__Dataset records__:
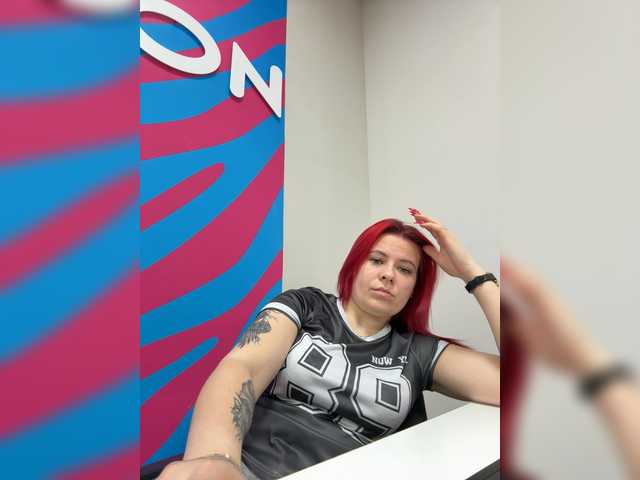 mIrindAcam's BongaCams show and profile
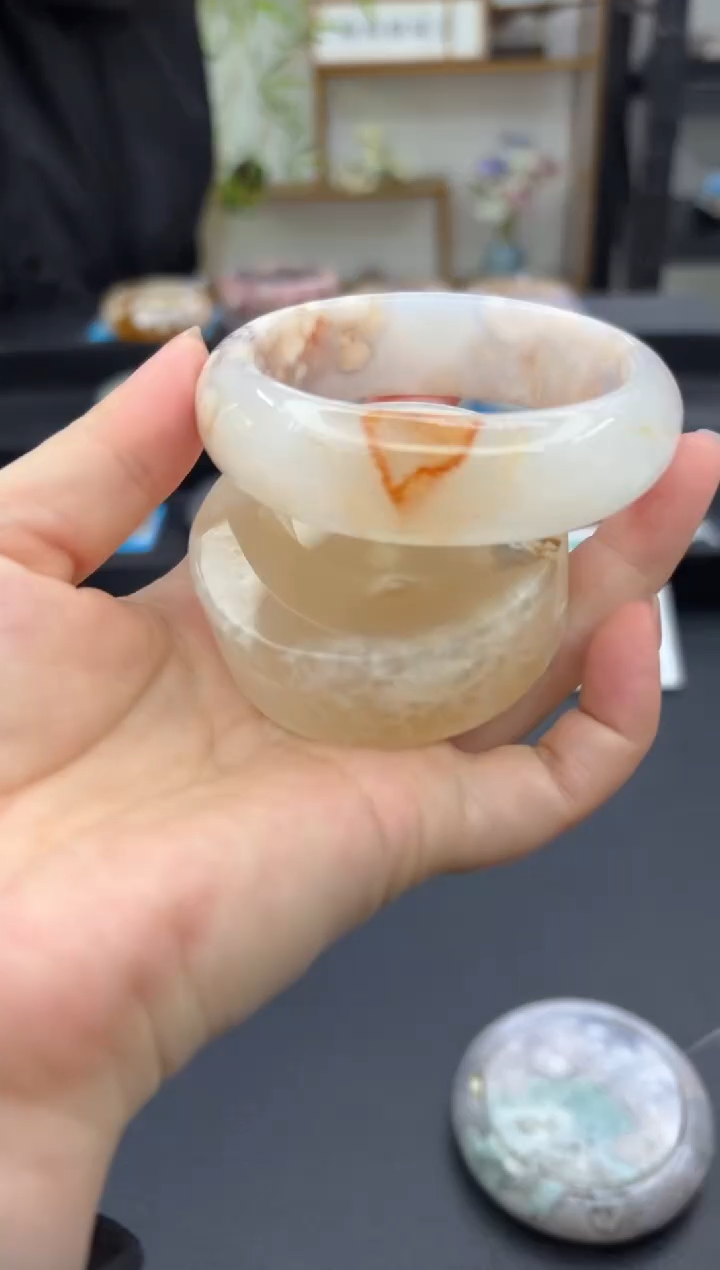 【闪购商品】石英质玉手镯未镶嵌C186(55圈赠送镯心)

---

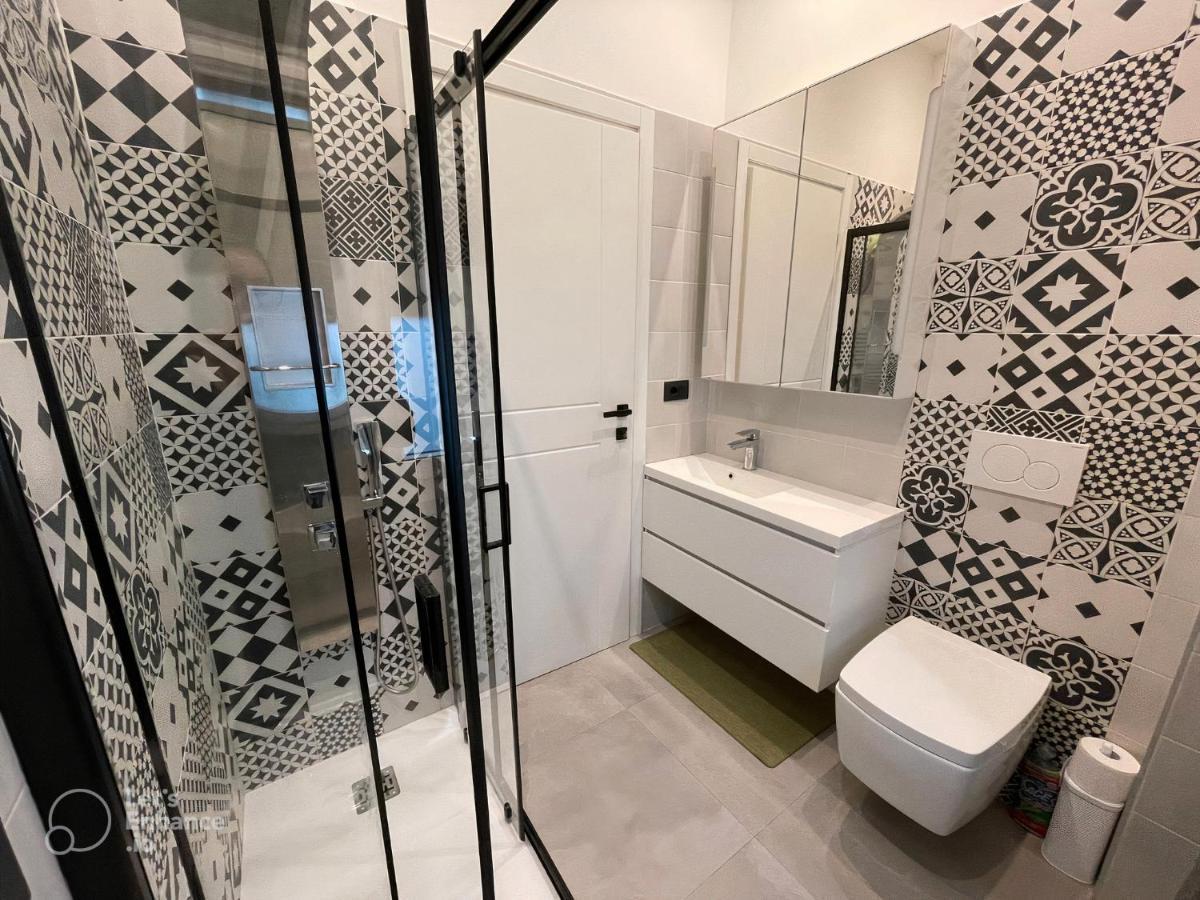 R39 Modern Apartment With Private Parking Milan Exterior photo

* * *

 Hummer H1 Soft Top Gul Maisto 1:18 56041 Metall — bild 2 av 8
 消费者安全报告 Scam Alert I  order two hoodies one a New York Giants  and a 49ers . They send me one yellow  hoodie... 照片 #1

__What you should do__: Scan the lines above for "Hummer H1 Soft" and for "消费者安全报告 Scam Alert". Repeat exactly the line holding each of them and every line in between.

__Response for this exercise__:
 Hummer H1 Soft Top Gul Maisto 1:18 56041 Metall — bild 2 av 8
 消费者安全报告 Scam Alert I  order two hoodies one a New York Giants  and a 49ers . They send me one yellow  hoodie... 照片 #1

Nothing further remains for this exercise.